Integrated proteogenomics database

Creating iPtgxDBs

In this example, CDSs and pseudogenes of 7 resources are integrated in a stepwise fashion, following a hierarchy: to leverage the quality of manual curation efforts we start with reference genome annotations, then ab initio predictions, then in silico ORFs from a six-frame translation. A unique aspect of our iPtgxDBs is that almost all peptides uniquely identify one specific protein. This was accomplished by extending the PeptideClassifier concept [1] for prokaryotes [2]. Our extension treats protein sequences with a common stop codon and varying start positions (N-termini) as a protein annotation cluster, i.e. variants of a prokaryotic gene model (similar to isoforms of a eukaryotic gene model). The anchor sequence for an annotation cluster is selected from the annotation highest up in the hierarchy, i.e. here RefSeq2015, unless no CDS is predicted in a given genomic region.

Informative protein identifiers are created (Interpreting identifiers), illustrated for the annotation cluster with the RefSeq2015 anchor sequence BH_RS01095 shown in bold, where three additional start sites exist. The four different proteoforms are added to the protein search DB: the anchor sequence (bold) with the full protein sequence, the extensions (RefSeq2013 and ChemGenome) add the upstream sequence up to the first tryptic cleavage site within the anchor sequence. The shorter Prodigal prediction uses an alternative start codon resulting in a distinguishable N-terminal peptide, and therefore gets also added. The two in silico ORFs are identical to annotations higher up in the annotation hierarchy. Peptide classes are shown for the N-terminal sequences of the CDS annotation cluster (see also Fig. 3B).

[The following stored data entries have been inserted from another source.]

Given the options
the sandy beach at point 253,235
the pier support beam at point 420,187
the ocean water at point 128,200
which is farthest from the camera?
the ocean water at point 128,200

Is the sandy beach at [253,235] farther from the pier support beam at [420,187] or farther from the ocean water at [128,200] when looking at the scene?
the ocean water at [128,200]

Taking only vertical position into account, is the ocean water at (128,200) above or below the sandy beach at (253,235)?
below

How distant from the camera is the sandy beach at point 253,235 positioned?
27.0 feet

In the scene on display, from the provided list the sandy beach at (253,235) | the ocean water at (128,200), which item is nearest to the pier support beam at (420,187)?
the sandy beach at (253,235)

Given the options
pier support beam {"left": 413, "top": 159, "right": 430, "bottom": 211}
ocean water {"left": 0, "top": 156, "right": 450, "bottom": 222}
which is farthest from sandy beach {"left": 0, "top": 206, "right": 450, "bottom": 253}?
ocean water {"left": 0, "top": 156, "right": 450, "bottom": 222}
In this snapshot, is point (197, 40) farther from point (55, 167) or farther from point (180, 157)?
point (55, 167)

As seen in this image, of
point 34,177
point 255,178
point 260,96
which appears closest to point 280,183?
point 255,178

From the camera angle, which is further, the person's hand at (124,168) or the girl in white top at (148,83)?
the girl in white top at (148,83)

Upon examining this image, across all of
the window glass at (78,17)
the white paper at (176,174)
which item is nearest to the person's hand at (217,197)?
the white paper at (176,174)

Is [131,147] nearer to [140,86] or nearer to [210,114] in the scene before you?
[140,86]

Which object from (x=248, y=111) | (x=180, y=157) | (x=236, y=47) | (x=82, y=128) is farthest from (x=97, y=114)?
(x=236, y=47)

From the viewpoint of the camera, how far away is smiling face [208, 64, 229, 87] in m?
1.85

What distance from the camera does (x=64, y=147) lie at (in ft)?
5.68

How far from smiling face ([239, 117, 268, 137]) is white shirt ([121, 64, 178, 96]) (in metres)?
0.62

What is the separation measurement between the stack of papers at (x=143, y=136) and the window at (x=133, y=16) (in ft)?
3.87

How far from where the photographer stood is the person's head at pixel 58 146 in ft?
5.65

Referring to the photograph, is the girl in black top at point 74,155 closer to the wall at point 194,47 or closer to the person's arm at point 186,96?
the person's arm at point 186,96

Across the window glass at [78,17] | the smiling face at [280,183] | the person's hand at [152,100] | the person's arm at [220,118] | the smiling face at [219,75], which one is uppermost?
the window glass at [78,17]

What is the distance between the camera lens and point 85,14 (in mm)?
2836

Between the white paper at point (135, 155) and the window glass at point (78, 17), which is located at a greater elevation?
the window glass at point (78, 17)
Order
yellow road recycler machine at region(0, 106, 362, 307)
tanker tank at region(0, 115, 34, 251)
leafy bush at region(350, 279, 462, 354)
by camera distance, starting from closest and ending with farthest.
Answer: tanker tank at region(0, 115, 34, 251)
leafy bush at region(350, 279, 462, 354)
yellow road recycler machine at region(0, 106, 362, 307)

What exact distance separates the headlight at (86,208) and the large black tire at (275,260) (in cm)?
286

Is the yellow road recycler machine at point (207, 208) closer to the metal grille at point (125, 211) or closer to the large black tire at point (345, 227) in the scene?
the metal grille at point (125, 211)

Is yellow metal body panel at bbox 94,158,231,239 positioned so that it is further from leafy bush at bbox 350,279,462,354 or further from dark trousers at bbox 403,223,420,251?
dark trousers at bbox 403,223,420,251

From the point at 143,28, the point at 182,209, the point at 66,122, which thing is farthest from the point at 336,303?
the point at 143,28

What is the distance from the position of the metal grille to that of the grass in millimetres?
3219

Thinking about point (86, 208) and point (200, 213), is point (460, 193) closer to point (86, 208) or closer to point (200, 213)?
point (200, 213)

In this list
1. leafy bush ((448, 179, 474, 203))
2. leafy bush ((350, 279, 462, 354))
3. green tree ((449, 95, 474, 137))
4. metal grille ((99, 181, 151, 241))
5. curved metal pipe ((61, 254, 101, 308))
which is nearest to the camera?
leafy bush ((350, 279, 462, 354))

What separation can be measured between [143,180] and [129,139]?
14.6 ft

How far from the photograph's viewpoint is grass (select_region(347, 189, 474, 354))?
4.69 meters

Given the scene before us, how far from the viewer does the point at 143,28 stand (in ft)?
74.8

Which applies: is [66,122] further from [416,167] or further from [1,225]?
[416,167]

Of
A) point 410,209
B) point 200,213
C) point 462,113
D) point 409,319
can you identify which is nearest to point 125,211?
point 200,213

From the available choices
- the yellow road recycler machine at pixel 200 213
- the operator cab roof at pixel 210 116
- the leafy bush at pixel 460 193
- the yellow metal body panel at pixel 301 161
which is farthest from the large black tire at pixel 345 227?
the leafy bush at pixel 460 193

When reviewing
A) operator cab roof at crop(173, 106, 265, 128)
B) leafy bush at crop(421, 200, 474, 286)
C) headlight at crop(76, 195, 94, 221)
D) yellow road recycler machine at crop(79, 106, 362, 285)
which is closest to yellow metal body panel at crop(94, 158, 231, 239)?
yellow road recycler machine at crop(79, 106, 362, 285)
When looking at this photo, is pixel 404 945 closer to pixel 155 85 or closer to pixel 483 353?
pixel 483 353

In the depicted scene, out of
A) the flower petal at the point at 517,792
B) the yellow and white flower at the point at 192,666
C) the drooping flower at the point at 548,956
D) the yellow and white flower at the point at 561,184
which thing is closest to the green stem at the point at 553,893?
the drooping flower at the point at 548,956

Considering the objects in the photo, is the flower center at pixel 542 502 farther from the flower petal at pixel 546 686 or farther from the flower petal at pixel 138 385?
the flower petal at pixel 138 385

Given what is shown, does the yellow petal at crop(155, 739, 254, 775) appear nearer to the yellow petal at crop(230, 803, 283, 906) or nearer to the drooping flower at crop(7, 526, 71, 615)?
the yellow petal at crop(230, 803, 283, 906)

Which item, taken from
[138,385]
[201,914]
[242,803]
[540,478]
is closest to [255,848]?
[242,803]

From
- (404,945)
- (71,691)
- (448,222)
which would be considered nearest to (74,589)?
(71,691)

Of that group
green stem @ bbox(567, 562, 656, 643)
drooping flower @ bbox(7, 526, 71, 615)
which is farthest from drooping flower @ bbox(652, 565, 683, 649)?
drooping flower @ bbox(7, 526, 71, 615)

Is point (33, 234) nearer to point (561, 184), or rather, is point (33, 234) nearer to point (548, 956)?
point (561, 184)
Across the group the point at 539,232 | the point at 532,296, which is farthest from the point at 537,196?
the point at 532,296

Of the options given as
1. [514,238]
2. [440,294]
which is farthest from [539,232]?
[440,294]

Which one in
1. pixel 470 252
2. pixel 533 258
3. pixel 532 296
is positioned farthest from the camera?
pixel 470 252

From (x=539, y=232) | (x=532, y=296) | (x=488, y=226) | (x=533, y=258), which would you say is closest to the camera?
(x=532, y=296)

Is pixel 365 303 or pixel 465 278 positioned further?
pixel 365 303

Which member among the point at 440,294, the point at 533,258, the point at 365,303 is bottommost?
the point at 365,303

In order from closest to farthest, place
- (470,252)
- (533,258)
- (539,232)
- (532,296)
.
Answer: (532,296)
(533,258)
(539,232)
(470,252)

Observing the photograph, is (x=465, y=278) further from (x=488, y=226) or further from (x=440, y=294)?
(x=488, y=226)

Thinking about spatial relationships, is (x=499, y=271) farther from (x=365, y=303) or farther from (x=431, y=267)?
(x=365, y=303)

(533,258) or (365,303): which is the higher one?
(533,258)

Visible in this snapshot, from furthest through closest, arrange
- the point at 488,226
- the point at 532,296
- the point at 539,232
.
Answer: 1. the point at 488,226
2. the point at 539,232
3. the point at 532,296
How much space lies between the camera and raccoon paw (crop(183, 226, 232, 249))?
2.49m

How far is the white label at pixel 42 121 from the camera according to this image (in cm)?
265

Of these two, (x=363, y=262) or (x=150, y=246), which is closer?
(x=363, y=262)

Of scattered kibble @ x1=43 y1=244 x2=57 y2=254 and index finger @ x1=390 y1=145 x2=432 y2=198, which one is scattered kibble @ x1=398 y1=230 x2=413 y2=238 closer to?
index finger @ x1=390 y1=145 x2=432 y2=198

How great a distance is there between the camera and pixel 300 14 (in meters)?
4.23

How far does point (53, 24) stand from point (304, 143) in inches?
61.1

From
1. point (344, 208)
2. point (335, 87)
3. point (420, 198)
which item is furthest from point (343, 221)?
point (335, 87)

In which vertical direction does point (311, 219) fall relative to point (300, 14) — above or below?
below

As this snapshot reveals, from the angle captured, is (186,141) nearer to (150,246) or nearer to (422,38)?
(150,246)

Figure 3A, annotation hierarchy illustration
Figure 3A. Generating an iPtgxDB with informative identifiers and a minimally redundant protein search DB in FASTA format.
Figure 3B, bar chart
Figure 3B. Bar chart showing the DB complexity and the peptide classes for RefSeq2015, all 6 integrated annotations without and with in silico ORFs, and the final iPtgxDB. The legend shows colors for the six peptide classes.
Class 1a peptides are most informative as they are unique to one entry in a DB, while class 1b peptides map uniquely to one annotation cluster with all identical sequences. Class 2a peptides identify a subset of sequences from an annotation cluster and class 2b peptides map to all sequences of an annotation cluster. Class 3a peptides map to identical sequences from different annotation clusters (typically duplicated genes). Class 3b peptides map to different sequences from different annotation clusters and are least informative [1].
Figure 3C, boxplots of proteins
Figure 3C. Boxplots of protein length for RefSeq2015 and of those proteins that get added in each successive step to the protein search DB illustrate that we include many sORFs potentially missed in the reference annotations. The length threshold for the in silico ORFs can be selected.

References

  • [1]
    E. Qeli, and C. H. Ahrens. 2010. PeptideClassifier for protein inference and targeted quantitative proteomics. Nature Biotechnology 28: 647-650. 10.1038/nbt0710-647.
  • [2]
    U. Omasits, A. R. Varadarajan, M. Schmid, S. Goetze, D. Melidis, M. Bourqui, O. Nikolayeva, M. Quebatte, A. Patrignani, C. Dehio, J. E. Frey, M. D. Robinson, B. Wollscheid, and C. H. Ahrens. 2017. An integrative strategy to identify the entire protein coding potential of prokaryotic genomes by proteogenomics. Genome Research 27: 2083-2095. 10.1101/gr.218255.116.